By Robert Frank
“Interest rates, pricing, value and approval processing time during the coming year are going to be much as they were in 2013,” Ward McAllister forecast.
The only question mark on the horizon, said Ledingham McAllister Properties president, is how Ottawa’s immigration policy could influence Vancouver’s residential real estate market.
“The federal government recently imposed a moratorium on its immigrant investor program,” he explained. “That could affect some 45,000 people who were in the process of coming to the Lower Mainland.”
“Most Asian buyers enter Canada based on professional qualifications or as immigrant investors,” McAllister said. “That could affect the housing market here if the immigration program remains on hold for too long.”
Nonetheless, he predicts that the cities in the region will have to cope with an influx of 650,000-1 million more residents over the course of the decades to come.

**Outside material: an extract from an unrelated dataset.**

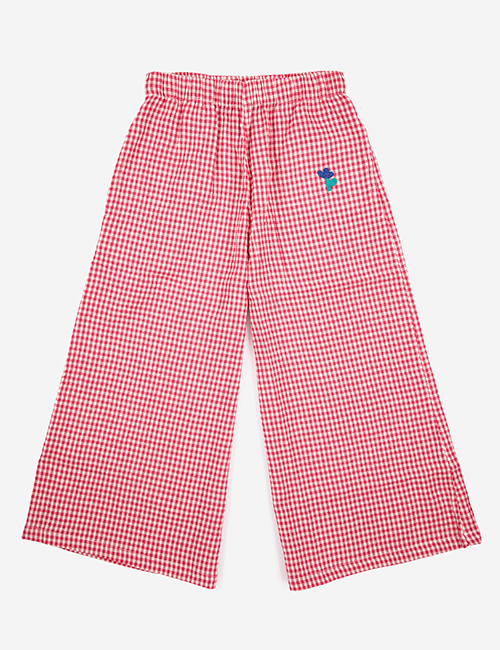[BOBO CHOSES] Pink Vichy woven culotte pants [4-5y]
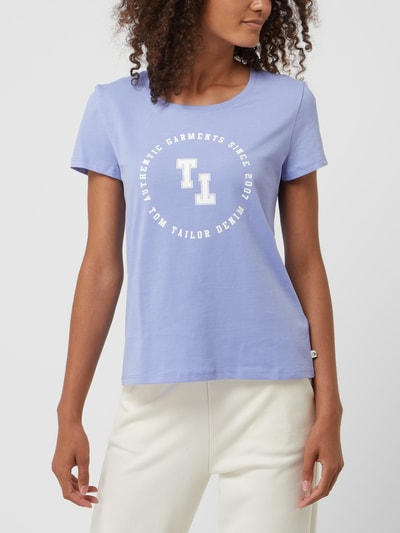 Tom Tailor Denim T-Shirt mit Logo Lavender 4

“There will be a great deal of pressure on municipalities to densify, in order to handle all the population growth during the next 20 years,” he predicted. “Municipalities have to develop ways to work together to orchestrate a coordinated regional growth strategy that will permit each of them accommodate their fair share of the coming increase.”
“We will see a lot more pressure to densify nodes, especially around rapid transit stations,” he anticipated. “Cities like Vancouver are have been slow to act, even with respect even to the Cambie corridor. They need to pull up become much more proactive about regional planning, rather than self-interest as a single municipality.”
“Vancouver will remain the core business hub,” McAllister expected. “The North Shore, Burnaby Coquitlam and Richmond area—anything West and North of the Fraser River—will definitely be affected.”
“Outlying areas will see increased pressure as well, but not to the same extent as the inner areas,” he added.